*** DATA SECTION Section Begins ***
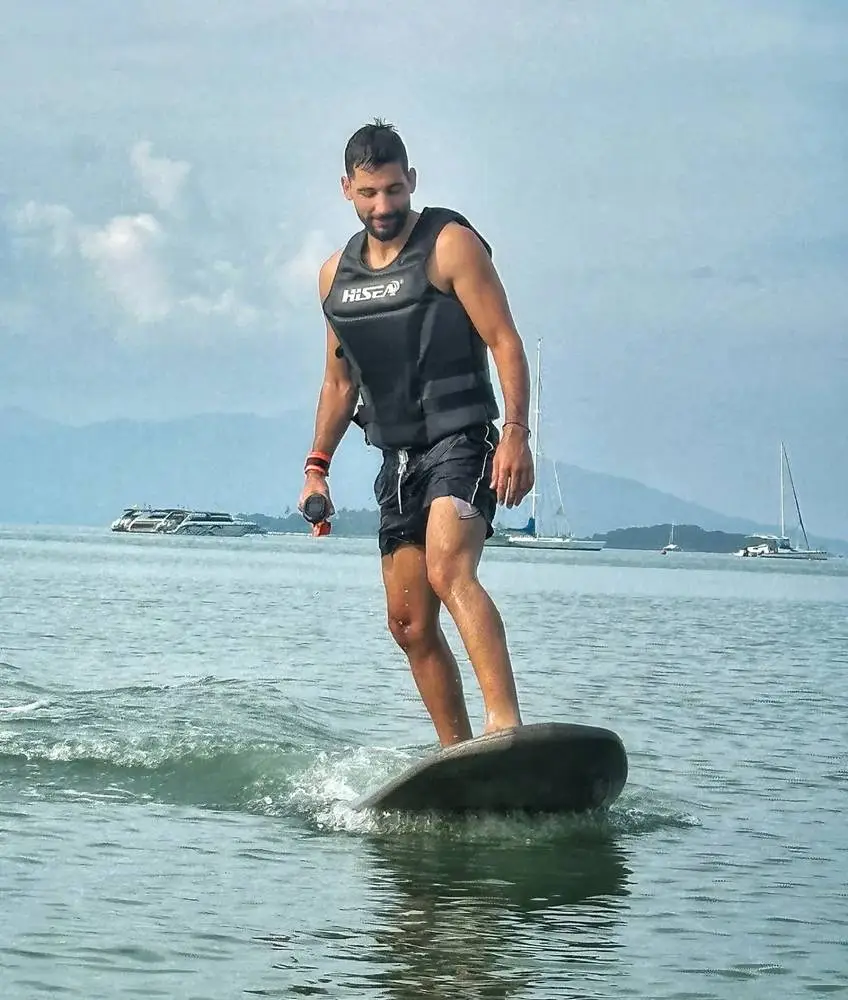 A jetsurf rider in a life vest standing on the board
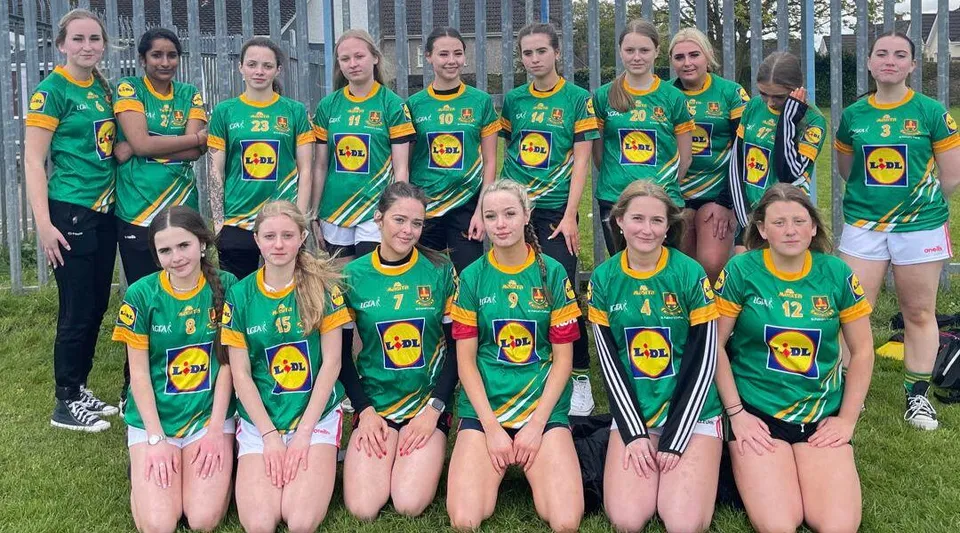 Un gruppo di giovani atlete in maglia verde e gialla posa sui campi sportivi del St. Patricks College a Cork.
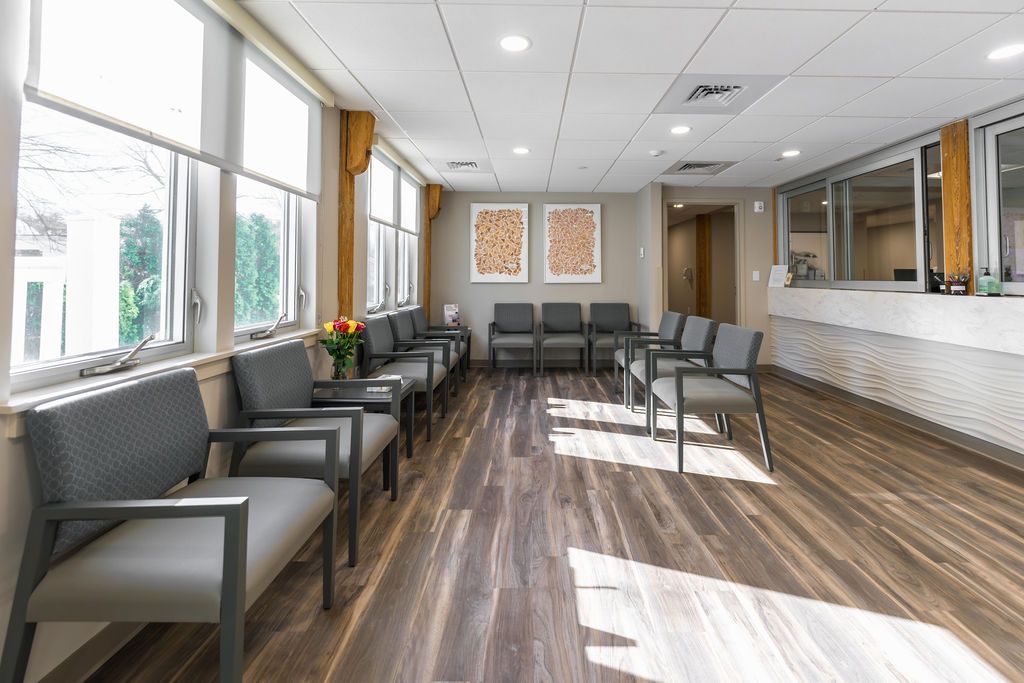 Bright waiting room with gray chairs, wood flooring, large windows, and a reception counter.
*** DATA SECTION Section Ends ***
**WHAT THE TASK ASKS:** Set the listing above down again exactly, leaving pictures out.

**ANSWER BOX:**
 A jetsurf rider in a life vest standing on the board
 Un gruppo di giovani atlete in maglia verde e gialla posa sui campi sportivi del St. Patricks College a Cork.
 Bright waiting room with gray chairs, wood flooring, large windows, and a reception counter.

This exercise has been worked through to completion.